1-熱狂的な支持者によって革新的ともてはやされる「新しい人」のなかに見出される俗っぽい趣味が、「別の」趣味を創造しようとする後続する者に困惑と安心を与え、抑圧を緩和する方向に働く。このような「新しい人」を裸の王様に見立てては神話解体を装う新たな神話の作成者に名を連ねないようにしよう。多くの神話に彩られ、自ら神話の贋作を語りもしたマイルス・デイヴィスは、なお私たちに音楽を通じて啓示を垂れてくれるかのように思われる。指導者マイルスを引いた群衆の音楽。目立ちたがりのこの男が匿名的になろうとするとき、第三の意味でのエキゾチックが開かれる。
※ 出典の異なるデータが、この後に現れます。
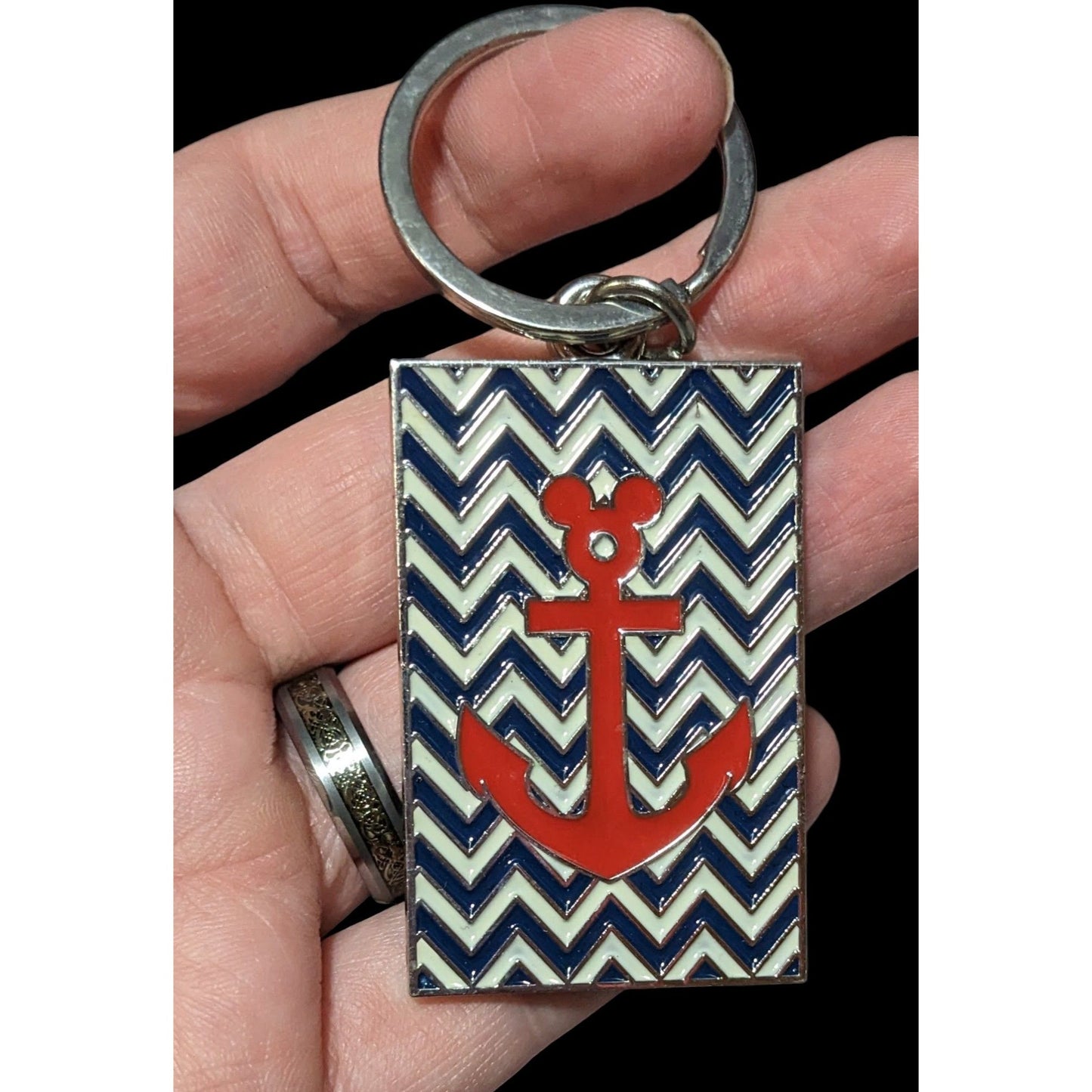 Disney Cruise Line Chevron Anchor Keychain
http://www.allmusic.com/album/on-the-corner-mw0000197892

2-ブエノスアイレス録音。エレクトリック・マイルスならぬエレクトリック・タンゴとでも呼べそうな本作は、憂愁に流れず高速度で鋭い不穏がパーカッシヴに奏でられる。バンドネオンの神経症的な震えを、アダルベルト・セバスコのベース、オラシオ・マルビチーノのギターがウォームアップすることで、逆に感傷に陥らず「クール」が保たれる。再リリースにともなって、新録音が三曲追加されているほか、ドラムのオーバー・ダビングが施されている。

http://www.verifyandbuy.com/detail.php?id=57505414

3-ツーリストの好奇心と民俗音楽研究者の生真面目を迂回し、人類学者の叡智に近づく挑発は真摯であり、一時の高揚に流されるものではない。「熱病の起原」と題されたセルフ・ライナーノーツを、エキゾチシズムの自己分析として読んでみること(「三」という単語が読まれる筈だ)。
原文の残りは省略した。